Your assignment: The reply should contain each record below, returned exactly as given.

--- Working data Enclosed Below ---

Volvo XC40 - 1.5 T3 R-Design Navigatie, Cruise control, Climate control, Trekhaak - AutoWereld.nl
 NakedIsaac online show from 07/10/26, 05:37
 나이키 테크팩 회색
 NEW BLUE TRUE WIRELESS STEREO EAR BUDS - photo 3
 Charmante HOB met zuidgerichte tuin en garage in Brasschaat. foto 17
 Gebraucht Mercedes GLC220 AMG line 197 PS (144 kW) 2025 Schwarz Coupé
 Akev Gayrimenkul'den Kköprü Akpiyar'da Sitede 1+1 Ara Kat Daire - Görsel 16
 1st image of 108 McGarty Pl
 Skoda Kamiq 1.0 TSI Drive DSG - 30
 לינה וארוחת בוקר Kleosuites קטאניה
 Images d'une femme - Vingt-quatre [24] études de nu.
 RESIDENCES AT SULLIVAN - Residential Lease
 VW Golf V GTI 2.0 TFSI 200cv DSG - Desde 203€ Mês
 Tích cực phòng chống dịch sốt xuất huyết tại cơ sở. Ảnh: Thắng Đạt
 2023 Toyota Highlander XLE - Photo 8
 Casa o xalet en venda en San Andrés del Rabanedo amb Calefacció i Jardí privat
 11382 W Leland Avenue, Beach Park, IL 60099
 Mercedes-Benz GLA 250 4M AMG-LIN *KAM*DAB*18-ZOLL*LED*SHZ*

--- End of Enclosed Working data ---

Reply to the exercise:
Volvo XC40 - 1.5 T3 R-Design Navigatie, Cruise control, Climate control, Trekhaak - AutoWereld.nl
 NakedIsaac online show from 07/10/26, 05:37
 나이키 테크팩 회색
 NEW BLUE TRUE WIRELESS STEREO EAR BUDS - photo 3
 Charmante HOB met zuidgerichte tuin en garage in Brasschaat. foto 17
 Gebraucht Mercedes GLC220 AMG line 197 PS (144 kW) 2025 Schwarz Coupé
 Akev Gayrimenkul'den Kköprü Akpiyar'da Sitede 1+1 Ara Kat Daire - Görsel 16
 1st image of 108 McGarty Pl
 Skoda Kamiq 1.0 TSI Drive DSG - 30
 לינה וארוחת בוקר Kleosuites קטאניה
 Images d'une femme - Vingt-quatre [24] études de nu.
 RESIDENCES AT SULLIVAN - Residential Lease
 VW Golf V GTI 2.0 TFSI 200cv DSG - Desde 203€ Mês
 Tích cực phòng chống dịch sốt xuất huyết tại cơ sở. Ảnh: Thắng Đạt
 2023 Toyota Highlander XLE - Photo 8
 Casa o xalet en venda en San Andrés del Rabanedo amb Calefacció i Jardí privat
 11382 W Leland Avenue, Beach Park, IL 60099
 Mercedes-Benz GLA 250 4M AMG-LIN *KAM*DAB*18-ZOLL*LED*SHZ*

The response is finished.